Welcome to the first half of the semifinals in Las Vegas, the night when Dan Naturman gets the shaft for a second time on Last Comic Standing -- spoiler alert!!! -- where we see if Bill Bellamy tell jokes, and because he has had a career as an MTV VJ, parts in big crappy movies, and tours the nation as a stand-up, you'd expect him to, so he does tell jokes for at least a tight minute before introducing our judges, who are, wait for it, Richard Belzer and Steve Schirripa, aka the guys in New York City who hated a lot of great comedians. Great. Just great. We know we're in Vegas because of the showgirls who perform at the Paris casino/hotel. OK. Enough already. We're going from 16 semifinalists to five finalists.

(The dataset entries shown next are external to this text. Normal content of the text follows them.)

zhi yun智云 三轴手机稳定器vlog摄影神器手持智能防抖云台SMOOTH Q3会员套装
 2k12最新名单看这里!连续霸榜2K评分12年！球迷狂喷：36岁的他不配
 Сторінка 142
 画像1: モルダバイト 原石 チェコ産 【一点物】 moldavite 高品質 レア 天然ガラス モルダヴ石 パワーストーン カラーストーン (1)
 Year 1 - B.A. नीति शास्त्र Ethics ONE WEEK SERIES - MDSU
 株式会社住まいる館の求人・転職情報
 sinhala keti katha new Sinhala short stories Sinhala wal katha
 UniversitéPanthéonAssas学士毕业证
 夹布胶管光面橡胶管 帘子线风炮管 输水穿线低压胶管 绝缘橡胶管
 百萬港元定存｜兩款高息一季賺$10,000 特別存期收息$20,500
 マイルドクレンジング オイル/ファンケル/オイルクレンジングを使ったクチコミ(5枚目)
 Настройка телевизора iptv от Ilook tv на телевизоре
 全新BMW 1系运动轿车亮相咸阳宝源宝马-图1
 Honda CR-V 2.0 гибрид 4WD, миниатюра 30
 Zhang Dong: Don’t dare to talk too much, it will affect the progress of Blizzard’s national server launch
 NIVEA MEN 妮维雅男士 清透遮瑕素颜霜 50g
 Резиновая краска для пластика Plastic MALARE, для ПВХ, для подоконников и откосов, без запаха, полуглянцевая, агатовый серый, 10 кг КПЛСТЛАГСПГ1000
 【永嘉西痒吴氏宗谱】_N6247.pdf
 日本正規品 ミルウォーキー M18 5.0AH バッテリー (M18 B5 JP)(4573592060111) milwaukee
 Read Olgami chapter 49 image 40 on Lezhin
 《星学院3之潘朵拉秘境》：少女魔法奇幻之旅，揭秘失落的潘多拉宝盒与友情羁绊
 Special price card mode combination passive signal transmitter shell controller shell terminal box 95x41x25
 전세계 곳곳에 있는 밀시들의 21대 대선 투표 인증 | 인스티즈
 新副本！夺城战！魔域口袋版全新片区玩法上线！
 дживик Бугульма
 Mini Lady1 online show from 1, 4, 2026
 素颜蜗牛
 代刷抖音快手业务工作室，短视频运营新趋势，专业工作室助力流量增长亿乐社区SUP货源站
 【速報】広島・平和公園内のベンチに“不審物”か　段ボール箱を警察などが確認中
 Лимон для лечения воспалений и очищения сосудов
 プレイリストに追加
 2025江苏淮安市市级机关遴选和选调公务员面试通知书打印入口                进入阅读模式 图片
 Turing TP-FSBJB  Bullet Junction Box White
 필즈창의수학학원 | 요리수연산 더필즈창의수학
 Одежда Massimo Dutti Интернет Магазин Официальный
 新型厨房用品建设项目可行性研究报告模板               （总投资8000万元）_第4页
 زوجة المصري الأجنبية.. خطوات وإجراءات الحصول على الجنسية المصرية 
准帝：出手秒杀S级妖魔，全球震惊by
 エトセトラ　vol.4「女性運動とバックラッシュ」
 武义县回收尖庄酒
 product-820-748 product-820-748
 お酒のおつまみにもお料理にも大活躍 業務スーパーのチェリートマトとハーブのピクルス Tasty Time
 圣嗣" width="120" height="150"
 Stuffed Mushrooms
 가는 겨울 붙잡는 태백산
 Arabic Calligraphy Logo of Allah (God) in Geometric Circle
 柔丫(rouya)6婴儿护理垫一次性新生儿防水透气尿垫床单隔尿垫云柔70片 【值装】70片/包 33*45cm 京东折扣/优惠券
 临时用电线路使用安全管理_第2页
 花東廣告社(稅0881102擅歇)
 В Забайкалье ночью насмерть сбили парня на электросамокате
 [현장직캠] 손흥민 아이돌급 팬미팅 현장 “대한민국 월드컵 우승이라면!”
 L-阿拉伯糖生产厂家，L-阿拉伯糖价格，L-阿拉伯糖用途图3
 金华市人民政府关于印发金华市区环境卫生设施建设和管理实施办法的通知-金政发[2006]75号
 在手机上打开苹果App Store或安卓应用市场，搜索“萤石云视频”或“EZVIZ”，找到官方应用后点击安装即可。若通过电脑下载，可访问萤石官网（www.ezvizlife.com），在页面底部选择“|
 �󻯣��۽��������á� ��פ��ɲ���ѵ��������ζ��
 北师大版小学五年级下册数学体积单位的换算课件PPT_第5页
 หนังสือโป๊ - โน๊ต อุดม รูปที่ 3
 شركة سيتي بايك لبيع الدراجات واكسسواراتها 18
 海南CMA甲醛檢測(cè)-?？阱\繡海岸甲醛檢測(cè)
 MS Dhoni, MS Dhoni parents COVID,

Same thing next week. So here we go!
Adam Hunter from New York stretches a lot backstage. The producers evidently want us to see that. He says: "I know for a fact I will make everyone laugh." Hunter is rather loud. Is this because he wants to make sure everyone in the theater hears him? Makes a dig at Asians in porn, followed by Mardi Gras in the Middle East. Jokes about living in L.A., where even the homeless are in the biz. As Schrippa notes, even though some jokes don't hit, Hunter gets a lot of jokes out in his short time. But they show him getting a partial standing ovation from the audience and kind words from the judges. So that's all you need to know for now.
Phil Palisoul from Denver. He makes a bidet joke, but not the one you're thinking of. Notes how people would never act the way they do walking as they do when they drive. But. No standing O shown. No words from the judges heard. Uh-oh.
Jeff Dye from Seattle. Actually, Kentwood High School, as his people told me via email earlier this week. Same fluorescent T-shirt? Lucky T-shirt? He jokes about doing ecstasy while working out. Applause break for a joke about women wondering why people are staring at them when they have "juicy" written on their butts. More jokes about the gym and workout machines, and Dye goes straight at the judges. Dye gets interviewed by the Brit lady. This, plus the emails I got telling me to watch Dye in the semis, tell me and you all we need to know.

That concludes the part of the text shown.